Before mining, miners have to validate previous block and transactions which exist in mempool. Then, they pick up some validated transactions from pool and start mining on top of validated block using its hash.

But, they are competing with each other and really busy I guess. Here is my question. How much time do miners spend validation in general and start mining?

  • Are you looking for an answer in nanoseconds? Oct 11, 2021 at 10:36
  • 2
    Does this answer your question? Appending txns to merkle tree on PoW efficiency, true hash rate Oct 11, 2021 at 10:58
  • @RedGrittyBrick No. I was guessing that miners need to validate manually. Like, go to the Blockchain.com and check the last block and unconfirmed transactions and check by themselves, manually. So, I was imagining that it takes 3 or 4 minutes for them. But from what you are asking me, my guess is completely wrong.
    – pepperoni
    Oct 11, 2021 at 14:42

3 Answers 3


But, they are competing with each other and really busy I guess. Here is my question. How much time do miners spend validation in general and start mining?

None at all. While they are validating new information, they are continuing to build blocks based upon the older information. Miners do not have any reason to wait to start mining except on their very initial startup. But once they are operating, they do not stop to verify information.


First of all let's get a few misconceptions out of the way:

I was guessing that miners need to validate manually. Like, go to the Blockchain.com and check the last block and unconfirmed transactions and check by themselves, manually. So, I was imagining that it takes 3 or 4 minutes for them.

No, miners run full node software, just like you can run yourself, and they query this full node for block candidates to mine. If mining involved going to a centralized website, we could get rid of mining entirely, and just make blockchain.com decide what the next block is. The whole point is to never trust any other party, but be able to perform validation yourself. blockchain.com is a third-party website, operated by a private business, and has in no way a special position in the Bitcoin protocol or its operations. Using the website for anything but debugging purposes means trusting their interpretation of what's going on in the chain.

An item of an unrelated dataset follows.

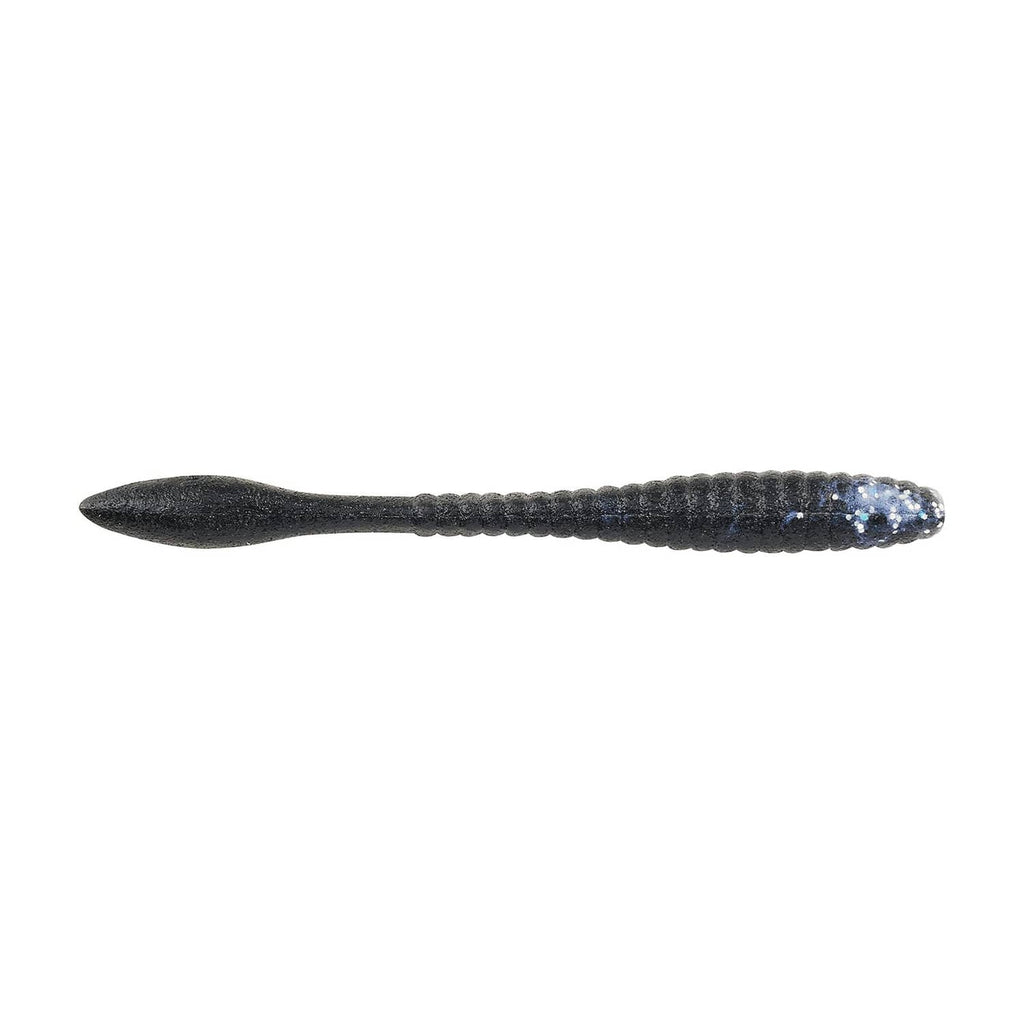 4.25-inch soft plastic fishing worm lure, dark gray body with blue sparkles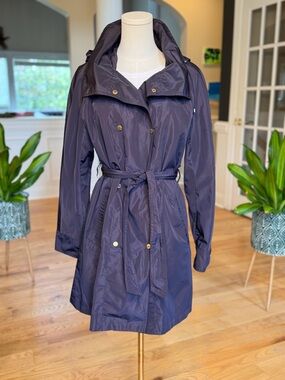 Ellen Tracy Classic 2010s Eggplant Purple Trench Coat (VGUC)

Anyone can run such a website (and in fact, many competitors exist, like mempool.space, blockstream.info (disclaimer: my former employer), blockchair.com, blockcypher.com, ...).

So what this also means: deciding what the next block candidate is going to be isn't done by the mining hardware, but by software. That means one does not interfere with the other - they happen in parallel. The hardware is always mining on something, and the software is always verifying new transactions/blocks as they come in. From time to time, the software will give an updated block candidate to the hardware, based on its own best understanding of what blocks are transactions are available.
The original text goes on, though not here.